In this case, does "deceivingly robust" mean they look robust but are fragile? or does it instead mean they look fragile but are robust?
This isn't a criticism of you, soundsop. Rather, it's intended to keep pointing at how difficult it can be to concisely deliver a message.
---
edit: sounds like the correct interpretation of the title is "P-hacked hypotheses appear more robust than they are."
For example, they used this quote as an example of "in appearance but not in reality":
> It’s no mystery why images of shocking, unremitting violence spring to mind when one hears the deceptively simple term, “D-Day.” [Life]
But the term "D-Day" is simple. It's deceptive because it might wrongly lead you to think the event it refers to is also simple.
Similarly, if something is "deceptively simple-looking", it really is simple-looking; it's just not simple.
https://languagelog.ldc.upenn.edu/nll/?p=3500
https://brians.wsu.edu/2016/05/25/deceptively/
https://www.academia.edu/37488247/The_Deceptively_Simple_Pro...
Shoot, even oxford gives exactly opposite definitions of the word.
https://www.oxfordlearnersdictionaries.com/us/definition/eng...
---
I mean, even when I saw the title of the thread, I had an obligation to click (clickbait I guess?) because I could have interpreted the title as either a warning about p-hacking or an attestation in favor of the practice. In fact, on first glance, I read the title as "P-hacked hypotheses appear less robust than they actually are."
That's kinda ... useful, actually.
It feels like this is sort of the same issue with overfitting in ML. Attempts to use ML results predictively often fail in hilarious ways.
To insist that p-hacking, by itself, implies pseudo-science is fetishism.

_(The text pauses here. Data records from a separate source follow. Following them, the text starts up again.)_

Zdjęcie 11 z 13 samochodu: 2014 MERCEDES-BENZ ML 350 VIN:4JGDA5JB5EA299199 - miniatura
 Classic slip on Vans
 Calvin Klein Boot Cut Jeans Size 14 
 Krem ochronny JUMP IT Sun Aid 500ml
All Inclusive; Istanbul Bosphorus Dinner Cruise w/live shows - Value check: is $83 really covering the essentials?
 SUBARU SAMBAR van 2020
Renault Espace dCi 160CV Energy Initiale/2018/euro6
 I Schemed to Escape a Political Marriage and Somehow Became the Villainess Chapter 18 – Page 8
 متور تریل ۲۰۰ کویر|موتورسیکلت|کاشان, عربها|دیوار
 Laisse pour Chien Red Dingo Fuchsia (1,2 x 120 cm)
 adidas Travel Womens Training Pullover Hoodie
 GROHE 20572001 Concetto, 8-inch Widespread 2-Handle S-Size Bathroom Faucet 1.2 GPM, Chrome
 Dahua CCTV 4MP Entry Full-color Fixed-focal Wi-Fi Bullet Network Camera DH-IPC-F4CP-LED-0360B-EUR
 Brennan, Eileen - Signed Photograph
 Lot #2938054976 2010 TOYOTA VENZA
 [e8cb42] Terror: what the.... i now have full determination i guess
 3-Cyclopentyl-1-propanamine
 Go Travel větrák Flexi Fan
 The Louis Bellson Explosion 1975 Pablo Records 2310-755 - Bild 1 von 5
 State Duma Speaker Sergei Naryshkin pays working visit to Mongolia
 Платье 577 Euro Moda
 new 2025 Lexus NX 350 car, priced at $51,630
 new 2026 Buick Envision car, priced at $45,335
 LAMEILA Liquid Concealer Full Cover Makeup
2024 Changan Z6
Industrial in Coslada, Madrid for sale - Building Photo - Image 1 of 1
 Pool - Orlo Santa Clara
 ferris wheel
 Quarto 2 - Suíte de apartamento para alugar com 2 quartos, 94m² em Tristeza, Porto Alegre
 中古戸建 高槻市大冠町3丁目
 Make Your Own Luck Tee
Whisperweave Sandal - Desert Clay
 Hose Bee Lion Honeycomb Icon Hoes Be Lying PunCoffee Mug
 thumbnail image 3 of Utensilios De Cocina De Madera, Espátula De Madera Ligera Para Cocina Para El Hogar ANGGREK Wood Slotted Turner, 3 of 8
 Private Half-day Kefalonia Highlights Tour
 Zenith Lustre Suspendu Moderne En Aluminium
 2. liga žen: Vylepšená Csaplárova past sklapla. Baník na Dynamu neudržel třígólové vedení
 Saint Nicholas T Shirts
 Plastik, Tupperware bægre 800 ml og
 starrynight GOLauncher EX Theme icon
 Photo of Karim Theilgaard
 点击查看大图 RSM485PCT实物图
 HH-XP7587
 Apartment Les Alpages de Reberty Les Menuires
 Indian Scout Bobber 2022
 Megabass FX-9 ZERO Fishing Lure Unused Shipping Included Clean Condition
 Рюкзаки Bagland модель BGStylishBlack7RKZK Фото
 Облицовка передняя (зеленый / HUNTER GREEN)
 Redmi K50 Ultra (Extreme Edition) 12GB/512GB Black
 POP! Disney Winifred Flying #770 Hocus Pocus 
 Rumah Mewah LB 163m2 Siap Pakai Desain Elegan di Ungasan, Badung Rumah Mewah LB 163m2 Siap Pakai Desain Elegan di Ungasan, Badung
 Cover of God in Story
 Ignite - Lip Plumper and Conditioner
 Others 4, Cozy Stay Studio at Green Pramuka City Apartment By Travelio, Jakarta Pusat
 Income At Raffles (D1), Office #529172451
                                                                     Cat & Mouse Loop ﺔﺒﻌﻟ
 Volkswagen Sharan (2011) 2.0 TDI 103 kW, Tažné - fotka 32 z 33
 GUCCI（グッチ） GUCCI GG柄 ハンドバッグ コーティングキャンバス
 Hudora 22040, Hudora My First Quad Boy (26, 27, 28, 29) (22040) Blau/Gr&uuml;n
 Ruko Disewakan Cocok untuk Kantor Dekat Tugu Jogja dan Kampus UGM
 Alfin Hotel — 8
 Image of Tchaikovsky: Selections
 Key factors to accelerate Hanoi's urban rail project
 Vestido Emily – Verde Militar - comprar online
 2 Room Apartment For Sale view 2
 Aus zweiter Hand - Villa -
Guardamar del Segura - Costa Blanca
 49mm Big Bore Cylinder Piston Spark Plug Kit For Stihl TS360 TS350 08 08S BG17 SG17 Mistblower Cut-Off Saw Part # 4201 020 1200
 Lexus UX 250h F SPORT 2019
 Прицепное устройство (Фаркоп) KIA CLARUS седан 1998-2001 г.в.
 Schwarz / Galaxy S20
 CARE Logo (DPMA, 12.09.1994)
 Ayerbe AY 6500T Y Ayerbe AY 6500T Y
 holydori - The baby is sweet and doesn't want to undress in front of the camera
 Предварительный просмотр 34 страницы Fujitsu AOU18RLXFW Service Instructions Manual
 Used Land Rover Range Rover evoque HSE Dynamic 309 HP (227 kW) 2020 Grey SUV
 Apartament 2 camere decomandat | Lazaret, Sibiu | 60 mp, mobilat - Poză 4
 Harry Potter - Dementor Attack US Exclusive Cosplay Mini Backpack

There is no substitute for understanding what you are doing and why.
I think actually relying on "conceptual replications" in practice is impossible. If the theory is only coincidentally supported by the data, that makes the replication more likely to exceed p < .05 coincidentally in a very difficult to analyze way.
The author mentions that problem, but doesn't mention a bigger issue: If you think people are unlikely to publish replications using novel data sets, just imagine how impossibly unlikely it is for people to publish failed replications with the original data set! If you read a "replicated" finding of the same theory using the same data set, you can safely ignore it, because 19 other people probably tried other related "replications" and didn't get them to work.